After subbing v=sin(y), the book says you have:
2xvv' = 4x^2 + v^2

My only question is, how the heck did cosine go away, and why is there magically a v' ???

Thanks! this has had me stumped all day.

2007-06-24 17:25:52 · 3 answers · asked by Anonymous in Science & Mathematics Mathematics

3 answers

Your questions are linked. If v = sin(y), then what is v' ?

Chain Rule gives:
v' = cos(y)y'

(Did you notice the y' gone as well?)

Voila! (Good Luck!)

2007-06-24 17:35:35 · answer #1 · answered by paigeless 2 · 1 0

Well... what is the derivative of v = sin(y) with respect to x? Since the derivative of sine is cosine, taking the derivative of sin(y) gave you v' = cos(y)*y'. So, they just noticed that cos(y)*y' is equal to v', so they plugged that in there.

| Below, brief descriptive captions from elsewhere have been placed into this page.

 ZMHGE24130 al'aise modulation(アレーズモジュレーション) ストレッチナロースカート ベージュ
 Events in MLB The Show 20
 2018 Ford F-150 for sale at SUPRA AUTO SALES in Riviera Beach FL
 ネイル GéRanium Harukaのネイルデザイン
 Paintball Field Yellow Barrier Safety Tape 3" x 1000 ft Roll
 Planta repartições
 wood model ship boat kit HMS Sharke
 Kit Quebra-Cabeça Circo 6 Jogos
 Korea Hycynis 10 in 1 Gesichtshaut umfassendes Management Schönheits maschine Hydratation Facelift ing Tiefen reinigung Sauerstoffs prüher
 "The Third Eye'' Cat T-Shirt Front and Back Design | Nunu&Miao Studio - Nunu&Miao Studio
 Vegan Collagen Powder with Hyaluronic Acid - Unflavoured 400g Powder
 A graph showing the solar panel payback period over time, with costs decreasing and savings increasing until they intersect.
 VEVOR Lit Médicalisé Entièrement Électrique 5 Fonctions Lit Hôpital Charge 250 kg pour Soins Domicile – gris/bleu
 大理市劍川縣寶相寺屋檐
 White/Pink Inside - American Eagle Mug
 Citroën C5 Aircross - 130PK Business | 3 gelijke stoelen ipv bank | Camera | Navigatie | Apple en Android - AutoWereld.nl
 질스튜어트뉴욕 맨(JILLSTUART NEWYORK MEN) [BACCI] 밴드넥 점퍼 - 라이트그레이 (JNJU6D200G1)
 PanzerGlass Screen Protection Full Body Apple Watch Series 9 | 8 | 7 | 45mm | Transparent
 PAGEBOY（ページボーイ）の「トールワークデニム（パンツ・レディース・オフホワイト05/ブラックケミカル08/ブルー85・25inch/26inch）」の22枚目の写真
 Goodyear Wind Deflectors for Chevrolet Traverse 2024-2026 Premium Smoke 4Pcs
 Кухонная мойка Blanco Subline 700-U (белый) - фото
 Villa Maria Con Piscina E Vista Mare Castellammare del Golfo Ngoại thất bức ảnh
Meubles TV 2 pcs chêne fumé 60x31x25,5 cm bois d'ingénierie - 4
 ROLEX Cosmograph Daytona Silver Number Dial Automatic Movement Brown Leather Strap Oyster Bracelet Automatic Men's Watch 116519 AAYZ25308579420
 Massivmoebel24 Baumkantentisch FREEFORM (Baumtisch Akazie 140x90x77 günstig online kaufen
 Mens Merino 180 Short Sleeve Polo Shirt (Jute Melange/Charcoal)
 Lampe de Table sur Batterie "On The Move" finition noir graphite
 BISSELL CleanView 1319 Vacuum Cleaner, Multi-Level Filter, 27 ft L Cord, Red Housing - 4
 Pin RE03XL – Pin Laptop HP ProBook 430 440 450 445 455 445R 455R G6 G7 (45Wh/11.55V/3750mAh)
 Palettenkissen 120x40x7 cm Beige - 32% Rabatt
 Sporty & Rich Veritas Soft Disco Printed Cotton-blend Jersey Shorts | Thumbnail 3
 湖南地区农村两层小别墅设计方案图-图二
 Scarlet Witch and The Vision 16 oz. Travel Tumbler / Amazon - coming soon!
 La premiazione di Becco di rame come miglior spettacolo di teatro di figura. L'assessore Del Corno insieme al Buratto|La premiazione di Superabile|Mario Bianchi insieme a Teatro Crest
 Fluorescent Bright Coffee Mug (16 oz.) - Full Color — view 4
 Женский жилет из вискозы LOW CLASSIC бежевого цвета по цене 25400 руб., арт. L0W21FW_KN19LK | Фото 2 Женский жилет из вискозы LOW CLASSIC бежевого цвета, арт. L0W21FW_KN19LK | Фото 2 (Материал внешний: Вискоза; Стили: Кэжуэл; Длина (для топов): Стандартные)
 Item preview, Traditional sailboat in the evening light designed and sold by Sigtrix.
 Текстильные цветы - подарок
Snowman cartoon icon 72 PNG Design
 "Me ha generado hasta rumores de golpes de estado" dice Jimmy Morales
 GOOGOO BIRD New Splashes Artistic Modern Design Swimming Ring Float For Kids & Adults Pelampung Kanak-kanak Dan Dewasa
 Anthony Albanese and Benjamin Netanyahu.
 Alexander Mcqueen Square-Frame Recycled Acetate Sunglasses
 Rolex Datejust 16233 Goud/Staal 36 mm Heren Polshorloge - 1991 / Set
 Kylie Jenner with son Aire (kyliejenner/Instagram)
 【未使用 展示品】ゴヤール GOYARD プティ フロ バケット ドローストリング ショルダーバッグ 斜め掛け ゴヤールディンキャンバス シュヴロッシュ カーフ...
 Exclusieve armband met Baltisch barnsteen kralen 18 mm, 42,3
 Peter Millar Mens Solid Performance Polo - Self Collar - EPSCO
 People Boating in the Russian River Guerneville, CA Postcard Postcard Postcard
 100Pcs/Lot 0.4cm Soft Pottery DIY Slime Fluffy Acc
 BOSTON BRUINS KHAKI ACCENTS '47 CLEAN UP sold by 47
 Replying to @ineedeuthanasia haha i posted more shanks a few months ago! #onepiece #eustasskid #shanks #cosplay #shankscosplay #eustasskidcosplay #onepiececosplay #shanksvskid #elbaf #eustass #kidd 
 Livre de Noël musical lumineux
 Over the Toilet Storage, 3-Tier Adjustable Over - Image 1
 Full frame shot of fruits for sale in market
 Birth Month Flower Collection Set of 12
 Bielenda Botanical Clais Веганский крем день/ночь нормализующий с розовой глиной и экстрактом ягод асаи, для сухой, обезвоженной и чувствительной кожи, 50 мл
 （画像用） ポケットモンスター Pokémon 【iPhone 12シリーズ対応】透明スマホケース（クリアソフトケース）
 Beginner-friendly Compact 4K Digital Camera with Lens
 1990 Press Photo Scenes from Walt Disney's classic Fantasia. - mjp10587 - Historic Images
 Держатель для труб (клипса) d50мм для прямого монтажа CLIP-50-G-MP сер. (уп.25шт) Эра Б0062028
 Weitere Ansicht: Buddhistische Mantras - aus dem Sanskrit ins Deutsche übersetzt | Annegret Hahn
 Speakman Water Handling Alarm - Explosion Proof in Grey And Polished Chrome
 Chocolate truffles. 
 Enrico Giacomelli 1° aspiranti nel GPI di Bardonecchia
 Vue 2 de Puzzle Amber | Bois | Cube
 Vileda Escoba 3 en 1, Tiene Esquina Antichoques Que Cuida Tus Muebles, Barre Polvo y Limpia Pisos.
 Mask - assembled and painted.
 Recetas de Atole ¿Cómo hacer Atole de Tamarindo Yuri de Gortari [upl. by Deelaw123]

So basically, the right side of your equation is essentially the same, except that they plugged in v for sin(y), and they did the same thing on the left side, while also plugging in v' where there was a cos(y)*y'.

2007-06-25 00:38:15 · answer #2 · answered by C-Wryte 3 · 0 0

if v = sin(y), then v' is cos(y)*y'. You take that term combination cos(y)*y' and substitute v' for it.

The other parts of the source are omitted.